■ **INSTRUCTIONS TO FOLLOW**
In the data below, one line contains "코팅 크라프트지 평판 식품용 기름종이 쟁반깔지 27x27cm (5000매)" and a later one contains "Cremă de mâini". Print both, with every line between them, exactly and alone.

■ **RECORD EXTRACTS**
*** Begin section ***

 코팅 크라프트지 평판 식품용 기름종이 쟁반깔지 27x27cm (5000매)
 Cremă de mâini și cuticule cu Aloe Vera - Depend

*** End section ***
*** Begin section ***

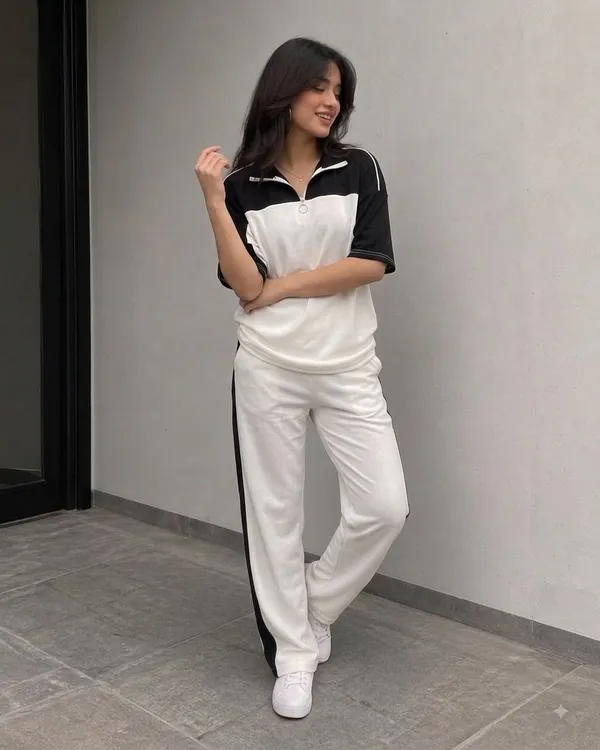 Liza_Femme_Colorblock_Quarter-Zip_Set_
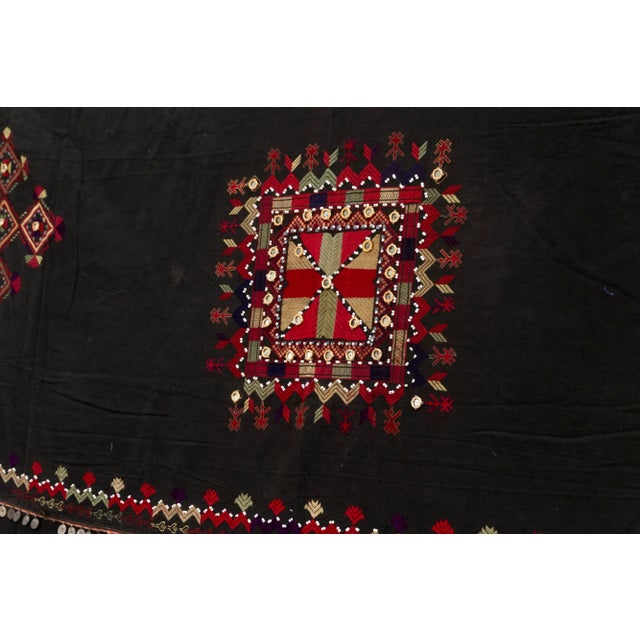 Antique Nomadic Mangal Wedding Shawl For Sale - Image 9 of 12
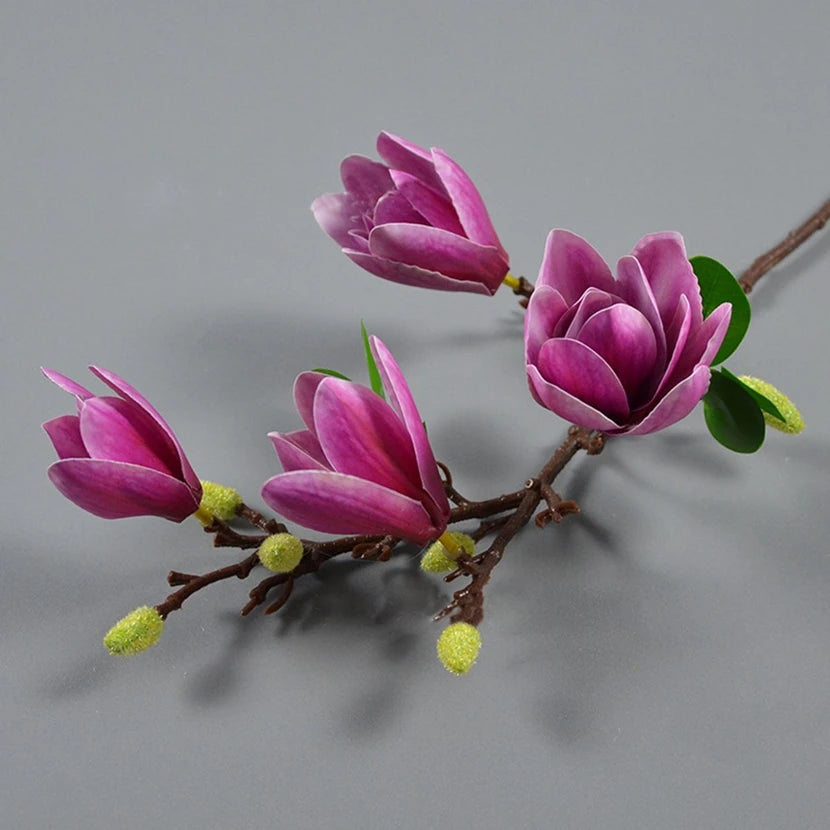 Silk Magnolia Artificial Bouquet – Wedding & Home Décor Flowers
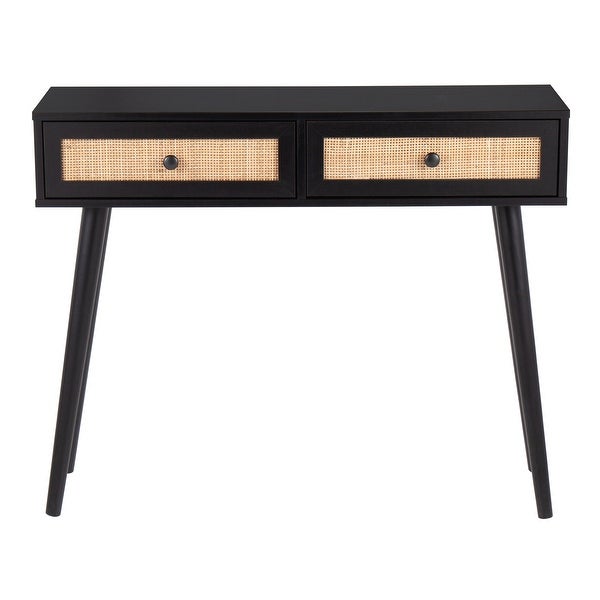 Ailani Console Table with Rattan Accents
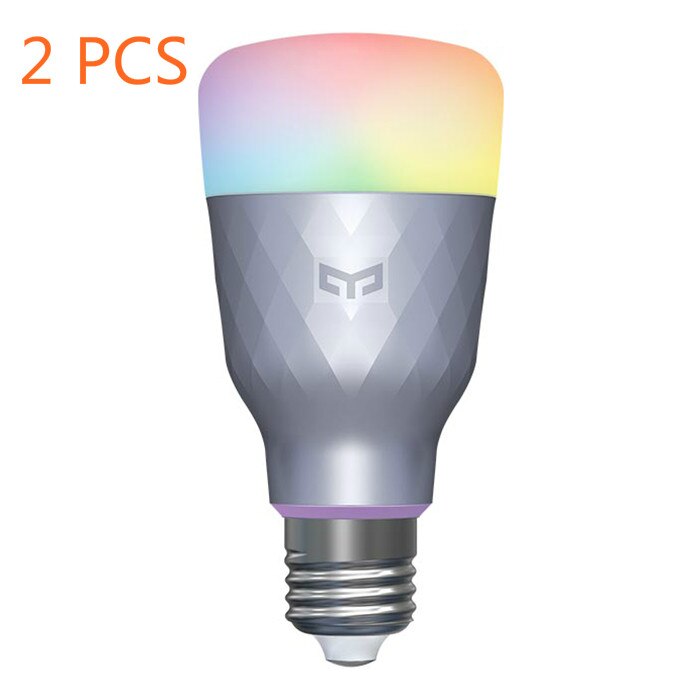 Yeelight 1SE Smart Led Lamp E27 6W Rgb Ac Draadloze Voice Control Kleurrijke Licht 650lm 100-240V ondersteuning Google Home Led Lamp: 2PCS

*** End section ***
*** Begin section ***

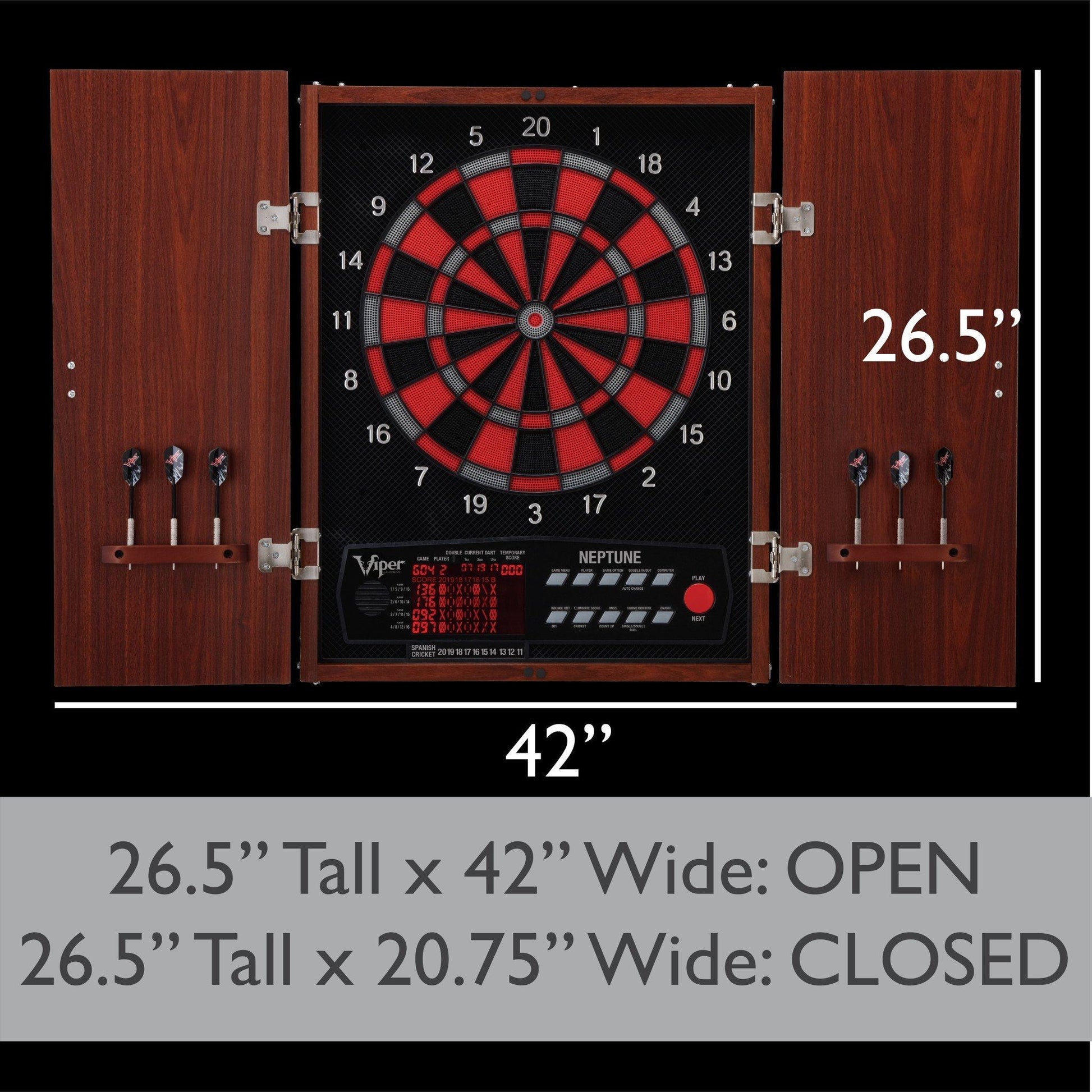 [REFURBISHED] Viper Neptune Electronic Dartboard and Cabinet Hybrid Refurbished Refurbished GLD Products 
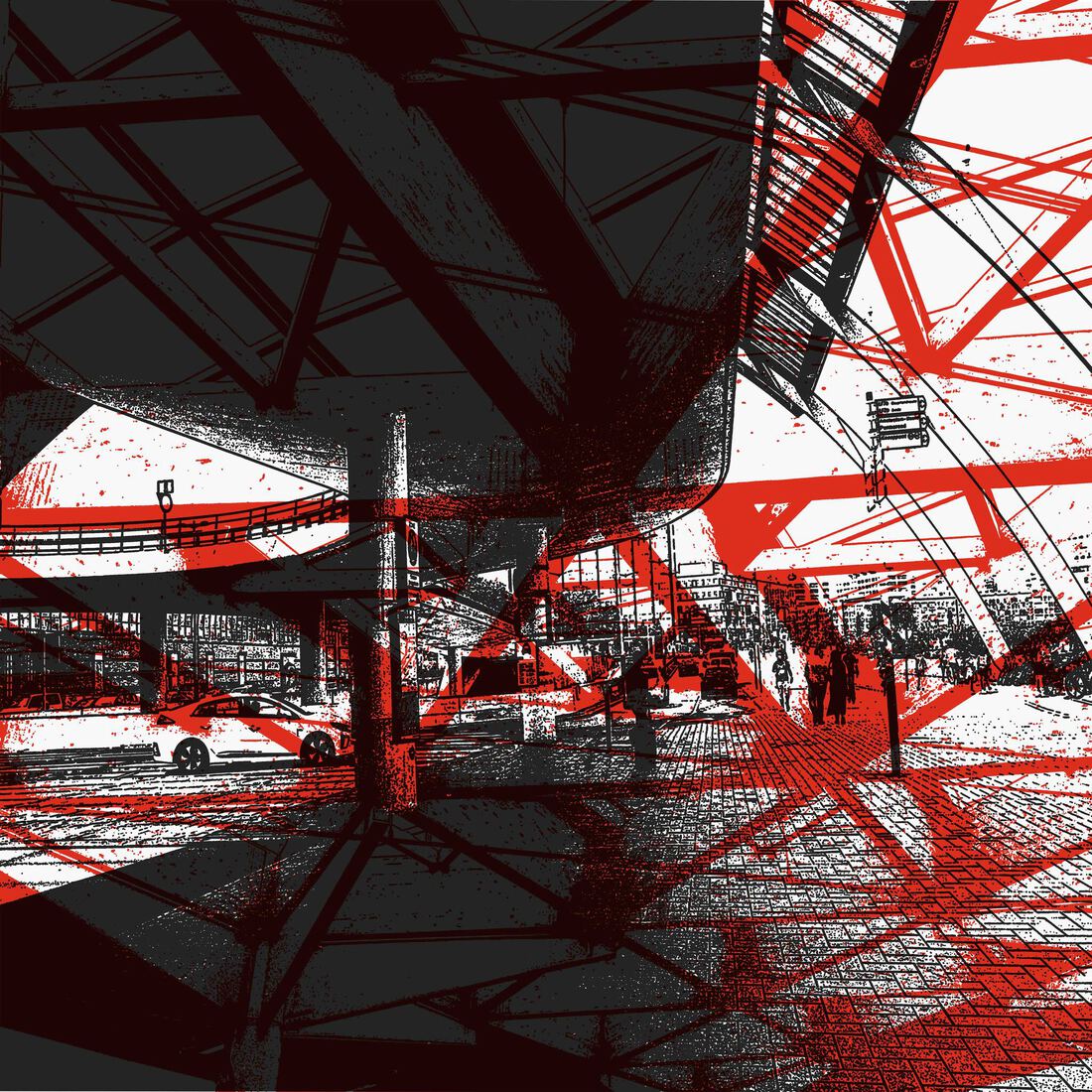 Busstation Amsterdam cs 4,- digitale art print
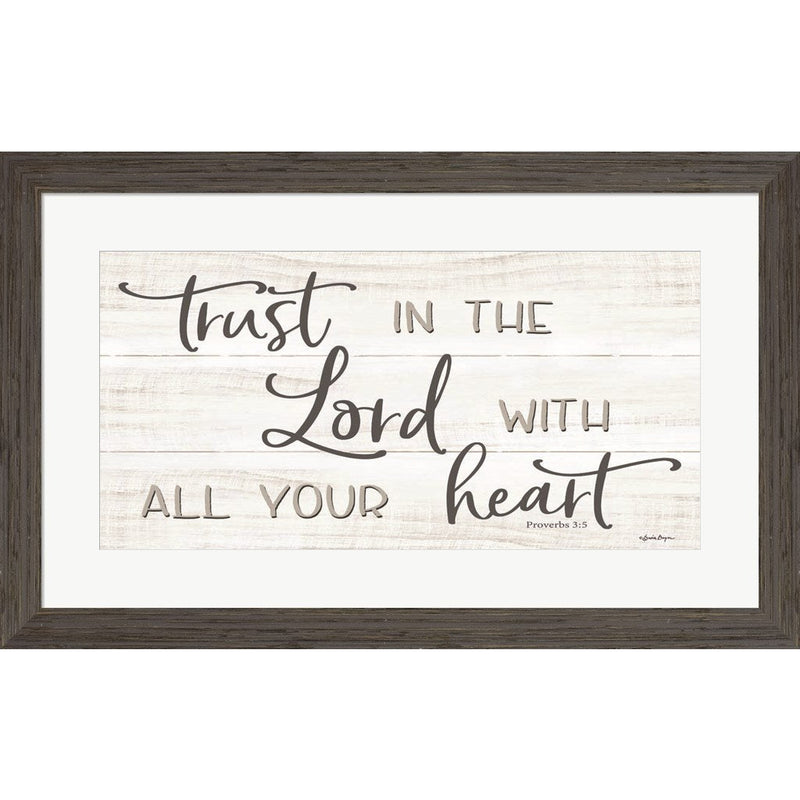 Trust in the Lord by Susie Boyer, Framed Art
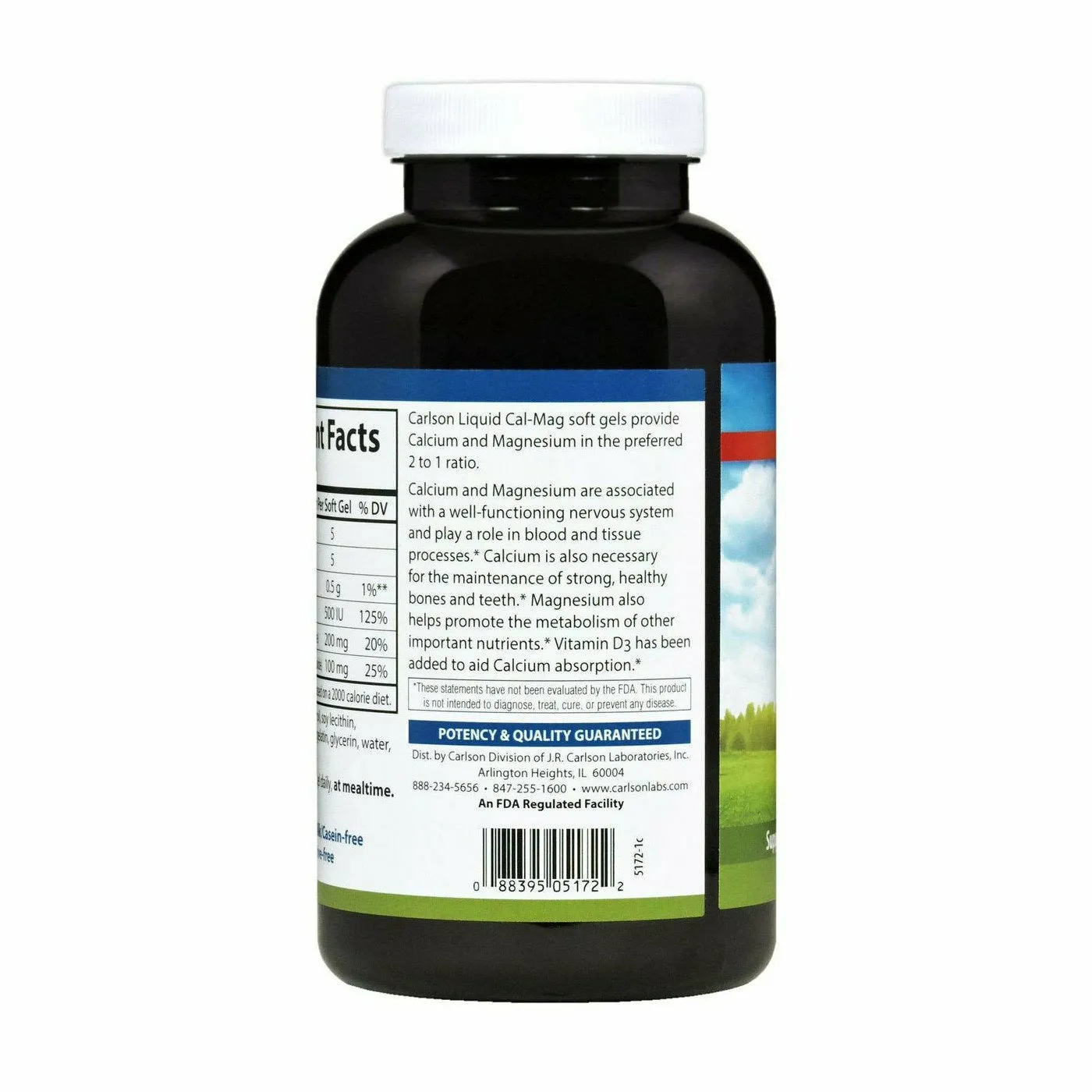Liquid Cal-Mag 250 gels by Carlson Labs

*** End section ***

■ **RESPONSE TO THE EXERCISE**
 코팅 크라프트지 평판 식품용 기름종이 쟁반깔지 27x27cm (5000매)
 Cremă de mâini și cuticule cu Aloe Vera - Depend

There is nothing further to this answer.